General characteristics
- Class & type: Brig
- Tons burthen: 130 (bm)
- Length: 68 ft (21 m)
- Beam: 22 ft 8 in (6.91 m)
- Depth of hold: 10 ft 1 in (3.07 m)

= Hersilia (1819 ship) =

The Hersilia was an American merchant vessel and the first from the United States to visit the South Shetland Islands. During its second voyage it was seized by Vicente Benavides, a Royalist commander in the Chilean War of Independence, who ordered its destruction late in 1821.

==Construction==
It was built by Christopher Leeds in 1819 at a dry dock in Mystic, Connecticut. The vessel was jointly owned between eight men that collectively had extensive maritime and commercial experience. Among them were Edmund Fanning's son, William A. Fanning, along with Ephraim Williams and its captain James P. Sheffield.

==First voyage==
The Hersilia departed from Stonington, Connecticut, for the Antarctic Ocean in July 1819. Over a decade later Edmund Fanning claimed that it was sent to go exploring the southern Pacific Ocean. However this has been challenged by later historians, who question Fanning's assertion. Sheffield served as its captain, W. Fanning as supercargo and Nathaniel Palmer as second mate. The Hersilia stopped in the Falkland Islands to procure much needed water and food supplies. It is uncertain the precise date the Hersilia reached the South Shetland Islands, but it was primarily stationed at Hersilia Cove on Rugged Island. An estimated 9,000 Antarctic fur seal were killed by the crew for their valuable pelts over the span of two weeks. Afterwards, the Hersilia returned to Stonington in early 1820.

==Second voyage==
Back in its Connecticut home port, the crew of the Hersilia quickly spread news of the recently discovered South Shetland Islands. The Fanning family organised a small fleet with fellow Stonington merchants to exploit the large seal populations there. Sheffield remained as captain and returned to the islands late in 1820. The Hersilia departed for Chile in February 1821 with a hold of over 15,000 seal furs. It was anchored at Santa María Island by May.

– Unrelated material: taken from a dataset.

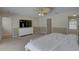 Spacious bedroom features a ceiling fan, TV and ensuite bathroom at 9914 Alavista Dr, Gibsonton, FL 33534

The crew was captured on the evening of the 14th by men loyal to Vicente Benavides. Benavides was a royalist guerrilla leader in the Chilean War of Independence and was based out of the nearby Arauco. After sailing the Hersilia to the mouth of the Carampangue River, the majority of the sealers were taken to Arauco as prisoners. Benavides distributed the captured sealers among his own men, "one to each officer, to wait on, and serve them at their quarters, or in their families, as a menial slave..." Sheffield and another American captain were utilised by Benavides to write promissory notes to help finance his campaign.

The Hersilia was refitted by Benavides to serve as a warship. Its hold of seal pelts were taken to shore, and several cannon were brought aboard. With a complement of an approximately 100 men, the Hersilia sailed for the Chiloé Island settlement of Castro. While there additional funds and supplies for Benavides was ordered. Near Arauco the vessel became beached, with the Americans commanded to free the vessel. On the evening of September 26, the majority of them escaped under Sheffield on two whaling boats for Santa María Island. Storms and high gales kept them detained there for five days, with the men leaving for Valparaíso the following day. The Americans avoided landing on the coast until further north of the Bay of Concepción to avoid any pursuers. Starting at Maule they went overland and were given much needed foodstuffs by Chileans throughout their journey.

When the Americans finally reached Valparaíso, Sheffield held a conversation with the British commodore in charge of the South America Station, Sir Thomas Hardy. Informed of their months of captivity and abuse by Benavides, Hardy agreed to aid the Americans. A ship would be sent to Arauco so as to retrieve the Hersilia and the remaining Americans still there. The British warship was selected for the mission, with Sheffield sailing on board. When they reached Arauco, however, the British and Americans found the settlement ablaze. Soldiers loyal to the Republic of Chile had fought Benavides and forced him to retreat into the countryside. Prior to leaving, his troops set fire to the Hersilia and various buildings in town, including the storehouses containing the seal pelts previously gathered by Sheffield's men. The remaining Americans that didn't previously escape the Royalist camp were found and rejoined their compatriots. Once back at Valparaíso, the Americans arranged for passage back to the United States. Notably, the British officers gave funds to make this possible.

==Legacy==
Hersilia Cove in the South Shetland Islands is named after the vessel.